Bill Murray Finds Directing First Film a Slow-Motion Act
HOLLYWOOD
BILL MURRAY has done many things in television and the movies - romanced Gilda Radner on ``Saturday Night Live,'' found deliverance on a mountaintop, and battled Christmas ghosts and ectoplasmic slime - but until his current movie, ``Quick Change,'' he had never put on clown makeup and big feet. ``The big feet give you an attitude, all right,'' Murray told me during an interview at a West Hollywood hotel. His character in ``Quick Change,'' a New York City planner named ``Grimm,'' dons a clown costume to hold up a bank.
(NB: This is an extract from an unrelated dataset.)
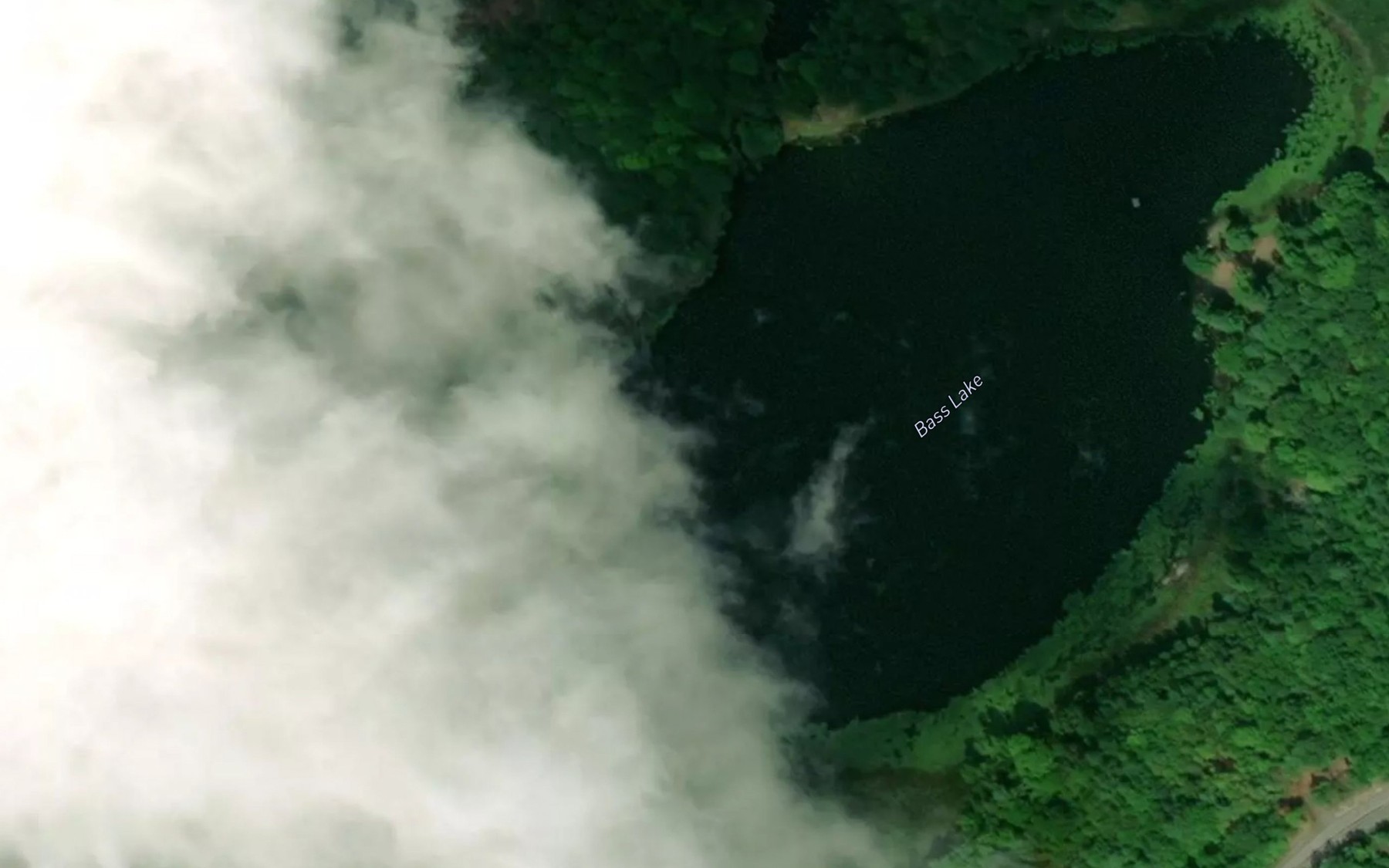 Satellite map of the Bass Lake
``The makeup, the bald cap, the white-face melt under the studio lights,'' says Murray, ``so after every take you go stand under these big air conditioner blowers; and you sit there and feel the makeup freezing up on your face. Then back to another take, and it all melts again.''
``Quick Change,'' which also stars Randy Quaid, Geena Davis, and Jason Robards, marks Murray's directing debut (a credit he shares with script writer Howard Franklin). The film has gotten largely favorable reviews - the Los Angeles Times called the Murray-Franklin directing debut ``auspicious'' - but the project has demanded most of Murray's time for two years.
It has has been ``a brutal exercise in details, details,'' he says. ``A lot of really dull work. Not big stuff like securing locations and signing contracts, but about 1,500 questions every hour. ... It gets so you meet people on the street or at home and you look at them and say, `Shouldn't those shoe laces be worked up inside the tongues?' ... ''
I ask him what part of the directing process he enjoyed the most.
``Well, it was not the extra control, that's sure,'' he says. ``As a star, you can have a certain amount of control over a movie anyway. As a director, you get a little more, but what you have to do to get just that extra power is insane. It's crazy. That's why so many movie stars direct just one time.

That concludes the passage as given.